Thing is, I'm all for fathers rights. my eldest sees her dad, he is actively involved in her life, comes to parents evenings, has her overnight most weekends and as far as I'm concerned I want them to have the best relationship possible because that is good for her.

My own parents divorced when I was young, my dad fought tooth and nail for access to see me and I love him eternally for it. My father is such a huge part of my life and I would never try to take that away from DD. I just don't think she is ever going to have that from him regardless of what I do.

OP posts:
ladyjadey · 24/05/2011 20:26

tiffany: see above re. extended family! I don't know how to go about it!

OP posts:
VioletV · 24/05/2011 20:27

Booyhoo, she can do right by her child by asking her when she's old enough to understand. Having someone in and out of her life isn't exactly doing right by the child either. If anything it's going to effect her longterm so I'm glad. You're pro childrens rights. It's not as if this father is taking the op to court to get his access or sticking his hand in his pocket to help raise the child. So I agree with you about pro childrens rights. But I also agree sometimes it's not always best to be subjected to a selfish adult who clearly doesn't give a shit.

BooyHoo · 24/05/2011 20:34

ladyjadey, no parent is perfect. this guy sounds like he has a lot of work to do before he is anywhere near suitable to be a carer for your DD.

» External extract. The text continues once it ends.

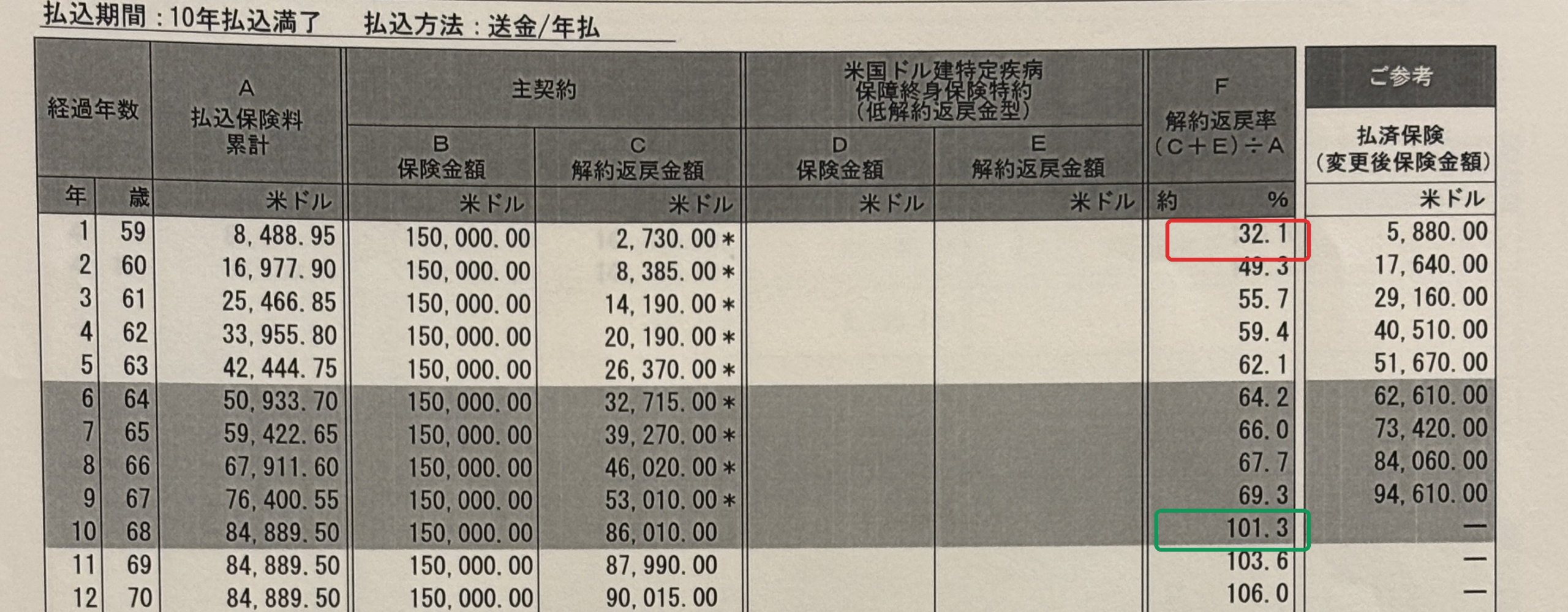 米国ドル建終身保険（低解約返戻金型）のご契約の推移表。1年目の解約返戻率32.1%、9年目69.3%、10年目101.3%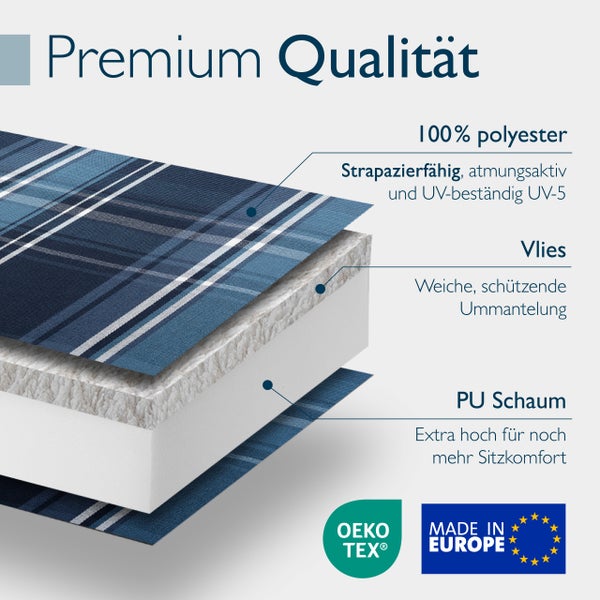 Sitzkissen-Aufbau: Bezug aus 100 Prozent Polyester, weiches Vlies und hoher Polyurethan-Schaumkern. OEKO-TEX zertifiziert, hergestellt in Europa.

my EXp has come along way from when i left him at 34 weeks pregnant. he was a drug addict with no prospects, no drive, wasting his days in bed and going out at nights to blow all his money on drugs. when i left he got worse. much worse. he was there when our son was born and i thought that would wake him up and make him realise what he was giving up. it didn't. it took for him to hit rock bottom before he decided to make a change. he has turned his life around and when he gets the chance he is a good dad to my dcs. but when he isn't around them, he doesn't give them a second thought. he is happy (now) to pay money towards their upkeep and when he is on leave he will come and take them to his mum's house but in between times he doesn't ring to talk to them, ask how they are etc. it frustrates me no end that he can play the doting dad and then put them out of his mind as soon as he gets on that plane but for the sake of my DCs i bite my tongue. i have grown to accept that i can't make him a better dad than he wants to be and that my dcs will grow to realise in time that they are out of sight out of mind to their dad. it hurts to know they will realise this one day but there is nothing i can do to make him want to be more involved. i try and keep things on as best terms as possible because that way the lines of communication remain open and he is far more likely to keep me in the loop of what is going on and it's easier to ask for a bit of flexibility if i need to change and arrangement which is really important when you are sending your dcs away with someone. you need to know that this man will talk to you if he is concerned taht she isn't settling with him, you need him to be able to tell you when things aren't working for HER sake. in your shoes i would be doing all i could to keep things civil. animousity will only hurt your DD.

BooyHoo · 24/05/2011 20:37

asking a child when she is older to understand is too late. that is a whole childhood lost out on where she could have seen her father and what if she cant understand? what if this little girl gets to 15/16 and just cannot accept her mum's reason for preventing contact. is that being decent?

i dont understand your objection to giving the relationship 1 chance. if thsi guy is as feckless as he sounds then he will cock up in no time at all and OP will be well within her rights to say "no more chances".